A propósito del debate sobre la legitimidad del poder que ejerce nacionalmente el movimiento ronderil, el antropólogo Alonso Zarzar explicaba el otro día, en el programa de análisis político que comparto con dos solventes tertulianos –Mirko Lauer y Augusto Álvarez Rodrich–, que, sin perjuicio del inequívoco aporte que las rondas campesinas les han brindado a las poblaciones rurales, su existencia en tanto instituciones de control es, al mismo tiempo, una mella a las facultades de vigilancia y castigo que la colectividad transfiere a los estados modernos.
Según Zarzar, vistas desde la sociedad nacional en su conjunto, es inevitable observar que las rondas han terminado por adjudicarse una de las facultades que históricamente han caracterizado a los estados modernos en el mundo occidental; esto es, las facultades de vigilancia y castigo.
La reflexión del antropólogo me llevó a pensar inevitablemente en Michel Foucault y en su teoría del panóptico. El panóptico era una estructura de vigilancia que permitía controlar desde un único punto de referencia a todos los que se quería controlar –desde presos y trabajadores hasta estudiantes– sin que el guarda pudiese ser visto.
Ahora bien, el poder de control centralizado era más fácil de ejercitar en un mundo en el que de verdad se tenía poder sobre los vigilados. Pero en pleno siglo XXI, y con el incontrolable influjo del poder que otorga un teléfono celular, parecería que el panóptico se está invirtiendo.
Y ello vale no solo para el control oficial y centralizado del Estado nacional, sino también para esas otras formas de control alternativo –como el de las rondas– que anhelan la centralización de la vigilancia.
Posiblemente causado por la dislocación espacio-temporal que provoca la digitalización, el panóptico se invierte cuando los vigilados empiezan a vigilar gracias al pertinaz deseo de ser vigilado. O, al menos, observado. Y es que nuestra convivencia con las redes sociales nos ha vuelto sujetos de atención mutua: en tanto que miro y soy mirado, soy.
Posteo y luego existo.
Es como si nuestra existencia –digital– necesitara de una confirmación, vía el acto de publicar en alguna red social el acontecimiento tal del que somos testigos. Esto se confirma, volviendo al asunto ronderil y sus excesos, en la manera en que se han hecho públicos los vejámenes de los que fueron víctimas unas mujeres de Pataz acusadas de prácticas impropias a los ojos del vigilante; es decir, de las rondas. En otras palabras, ni el temor a un chicotazo pudo persuadir a un vigilado de cumplir con su mandato existencial: posteo y luego existo.
Gracias a ese video producido por el teléfono celular de un residente rondero de Pataz, todos fuimos testigos de unas prácticas que cuestionan el sentido de justicia de las propias rondas campesinas.

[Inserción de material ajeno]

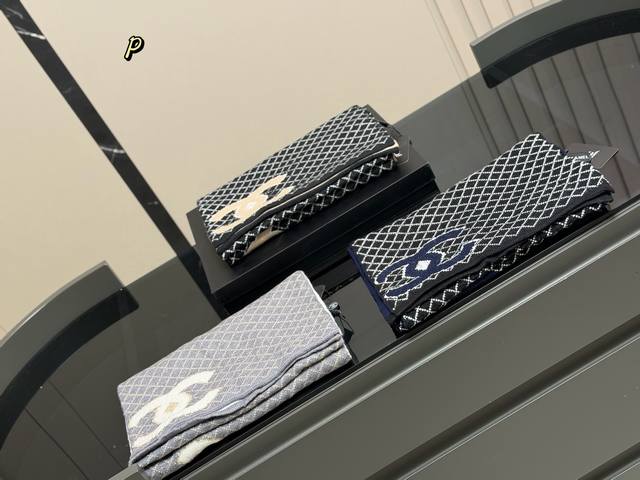 It's getting colder, need a cashmere shawl! Size: 180*30Cm Chanel New Cashmere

Pero existe una segunda forma de inversión del panóptico: la de la exposición del guardia que, en lugar de quedar oculto mientras puede ver a todos, es él mismo quien queda expuesto frente a sus vigilados que, empoderados vía digital, se rebelan al control. Vía un video, por ejemplo.
Más allá de los cuestionamientos a los excesos de las rondas y a su propia facultad de policía, toca estar atentos a la efectividad de las instituciones que fueron construidas para dar vida a esa forma decimonónica de control centralizado, al que todos siguen aspirando formal o informalmente.